Reports of atypical presentations of COVID-19 have been emerging as the SARS-CoV-2 pandemic has grown across the globe. Atypical presenting features refer to patients where the constitutional or respiratory symptoms are absent or minimal and other non-respiratory symptoms or signs are early or predominant features.
Studies have shown that the greatest risk factor for severe COVID-19 is increasing age, particularly patients with multimorbidity and/or higher frailty scores. Like many infections affecting elderly patients, COVID-19 can present as a non-specific decline. While most studies report elderly patients presenting with a fever and productive cough, this may be related to the case definition criteria being used to diagnose COVID-19. Elderly patients may in fact not develop the typical fever seen in SARS CoV-2 infection due to a blunted response caused by immune senescence.
Another unusual presentation of COVID-19 that appears to particularly affect the elderly population is “silent hypoxemia” where patients develop respiratory failure without signs of respiratory distress. This is an especially worrying presentation as patients may feel well and treatment may be delayed.
Delirium is another clinical manifestation and elderly patients may present with delirium during illness. Smell and taste dysfunction has been reported in 34%-59% of patients with COVID-19. The loss of smell usually presents early in the disease process.

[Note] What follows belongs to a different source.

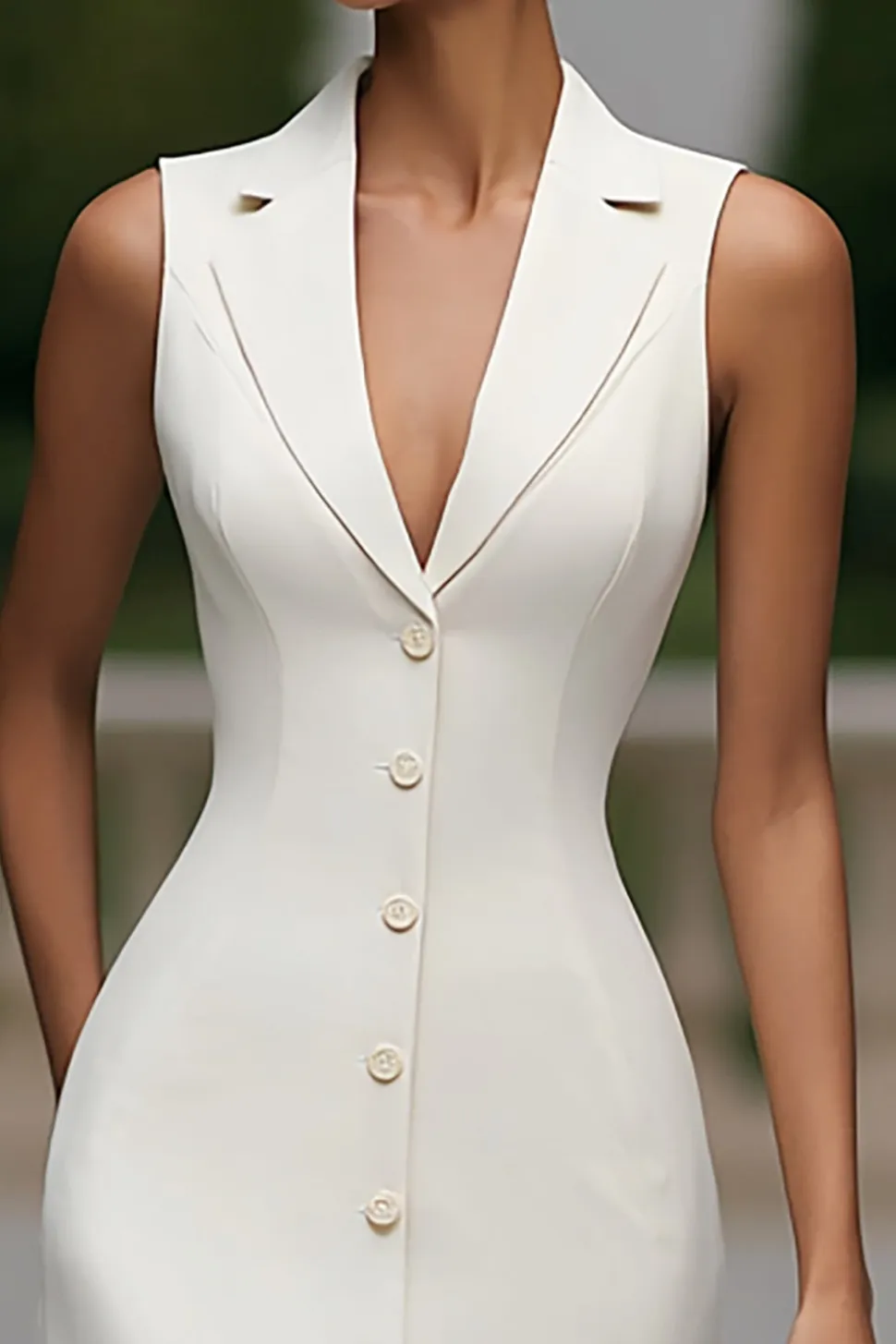 Marfim Crepe Pico Lapela Bodycon Vestido de Trabalho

- COVID-19 may present as viral pneumonia and is easily identified by pattern recognition of the typical respiratory symptoms
- A number of atypical presentations affecting a variety of organ systems have become apparent including anosmia (loss of sense of smell), diarrhea and neurological features
- Diagnostic reasoning using intuitive processes can rapidly identify typical COVID-19 cases in a pandemic situation but alternative cognitive processes are required to consider other COVID-19 “mimic” diagnoses
These are some things to consider as you assess your residents for signs and symptoms of COVID-19; they may not present with the same symptoms as a younger patient. Be tuned in, pay attention, understand the symptoms and when to throw up the flag. Remember, we are here to care for a frail population with multiple comorbidities and don’t want to miss the early signs of infection!